As a criminal statute, the Anti-Terrorism Act bill awaiting President Duterte’s action ought to be clearly and precisely written so that “it can give adequate guidance to those concerned,” but it is “hard to understand.” Moreover, the bill heightens international concerns about “the blurring of important distinctions between criticism, criminality and terrorism.” Hence, it must be thoroughly reviewed and rewritten.
These views came from two authoritative voices, just two days apart this week – first, from a retired Supreme Court magistrate, then by the United Nations high commissioner on human rights.And President Duterte is best advised to seriously consider them.
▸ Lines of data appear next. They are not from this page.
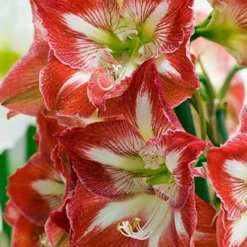 Menu Giant Minerva Amaryllis Kit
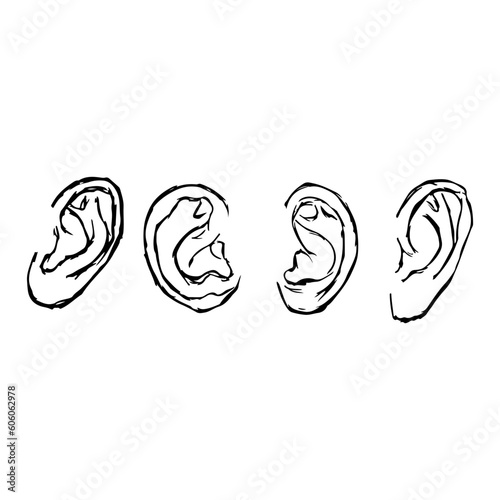 Ears. Vector illustration. Isolated on white. Hand-drawn style.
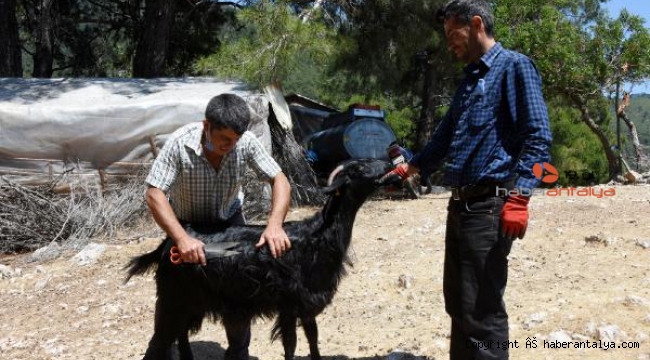 Yörüklerin asırlardır değişmeyen mesaisi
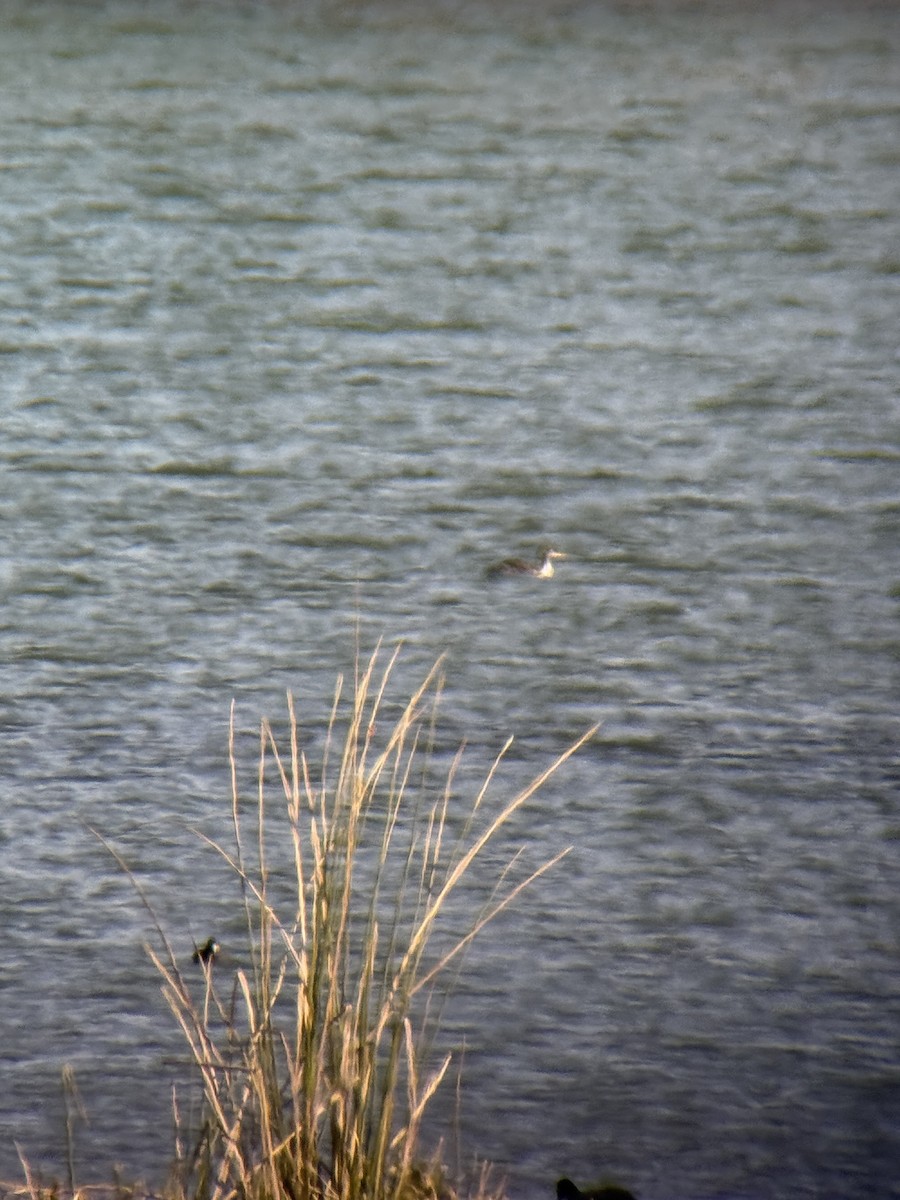 Red-necked Grebe - ML629928158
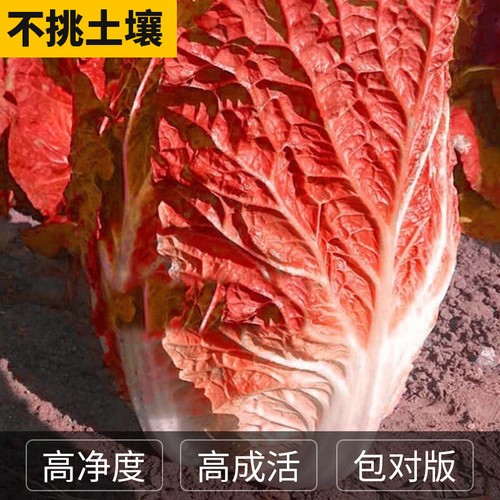 红心大白菜种子夏播耐热胶州白菜包心菜饺子菜种子蔬菜种子 Red heart Chinese cabbage seeds - Picture 3 of 16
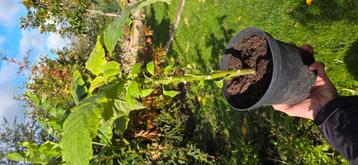 Brugmansia dubbel wit beschikbaar voor biedingen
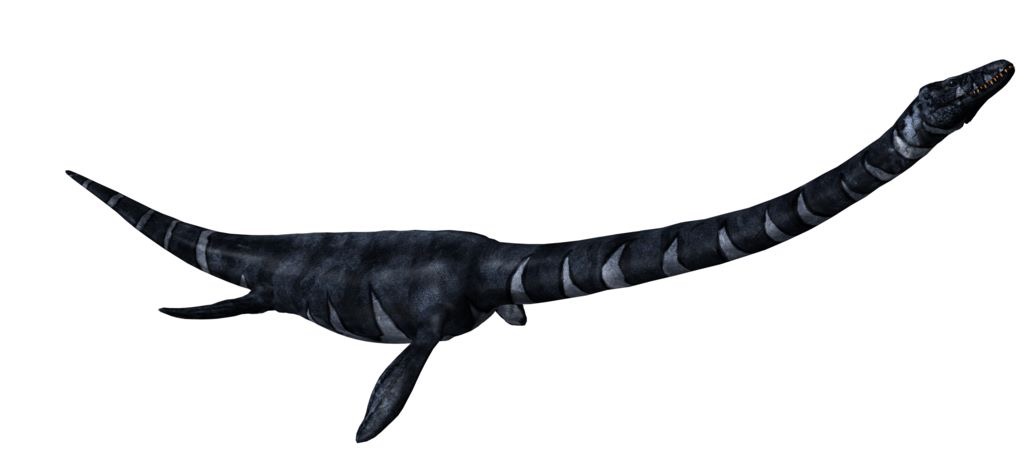Plesiosaurus | Mesozoica game Wikia | Fandom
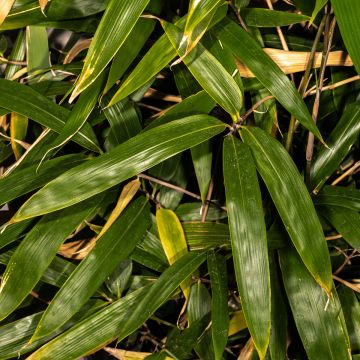 Bambu - Bashania fargesii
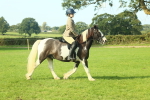SBM_59820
On June 28, retired Supreme Court Associate Justice Vicente V. Mendoza, a highly respected constitutionalist and due process advocate, expounded on why the ATB fails on the criteria of clarity and precision. In a written commentary in another newspaper, he focused on Section 4 of the bill, which enumerates the five acts for which an individual or group shall be deemed guilty of committing terrorism and penalized with life imprisonment without the benefit of parole.
“Section 4 is the heart of the proposed law,” Mendoza pointed out. “It must state what terrorism is and who are guilty of it in clear and precise terms,” he wrote. He asked what the following phrases (already described by many critics as “ambiguous and overbroad”) precisely meant: “serious bodily injury,” “extensive damage or destruction,” “extensive interference,” “seriously undermine public safety,” and “seriously destabilize or destroy the fundamental political, economic, or social structure.”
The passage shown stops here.